Jerry Kieffer : My mistake. I didn't see that the class was two days. Still, it's in Ohio, which is quite a ways from SoCal. I'm sure it would be worthwhile, and after having attempted to cut a few staffs by hand, I appreciate the idea of using production methods (Cross-slides, etc.?). That would seem to give my hands, back, and eyes the break they need. And perhaps increase my odds for success? Then again, it ain't the tool, it's the fool behind it that's to blame here. Had I have learned when my eyes, back, neck, and hands were younger, I'd probably have had an easier time with it. Success seems rather elusive. Surely I need to spend more time at it, supervised or otherwise, in order to make a staff.

gmorse : Nice quiver of gravers, etc. I have been on the site for Eternal gravers. They look nice. I have started using the Waller that I have, including an extra tip that was sold as Grobet, since I discovered (Thanks to a post on the forum here.) the Dia-sharp diamond plates for sharpening. I definitely find a get a better cut for longer with them, but they still don't stay sharp for as long as I need to cut a staff. I'm sure that's all about my bad technique. And thanks for the links to the BHI videos. I'll check them out today.

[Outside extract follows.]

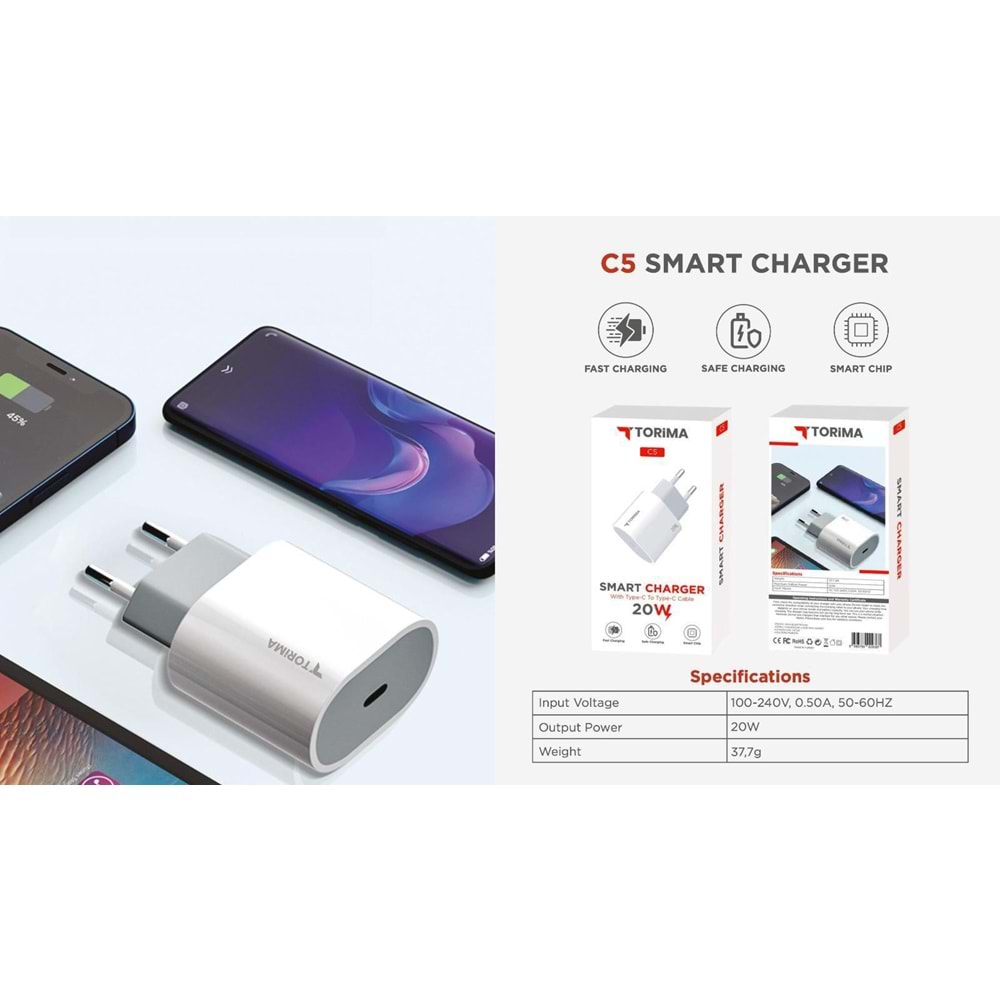Torima C5 PD 20W Şarj Başlıgı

Betzel : I am definitely guilty of viewing a number of free videos. Unfortunately, this is the only practical way I can see techniques put in live action. There are virtually no watchmaking classes in my area, or even the state for what I know. There may be a junior college in Washington state that has a class, but that would take moving to Washington for however many semesters the course is. Not practical. Videos? Practical. Free? Easier to overlook shortcomings of videos. FWIW, the guy, JD Richard, who did the video I linked to, has put amazing time and effort into learning watchmaking in order to share his experience as he goes along. I honestly don't think that he's been doing it that long, so his accomplishments are pretty laudable in my book. Do you, Betzel , have any recommendations for a good video tutorial on DVD or streaming? I'd be willing to pay for one that seems worth it. I just don't know of any. Until I do, free will have to do. Cheers.
I use both steel and carbide gravers. I have found the Waller gravers to be useful, however I do not use the Waller sharpening wheel as it needs to be charged with abrasive, which is too much trouble. As Graham mentioned, there is a ready supply of diamond wheels available for sharpening gravers and I resort to using these for convenience.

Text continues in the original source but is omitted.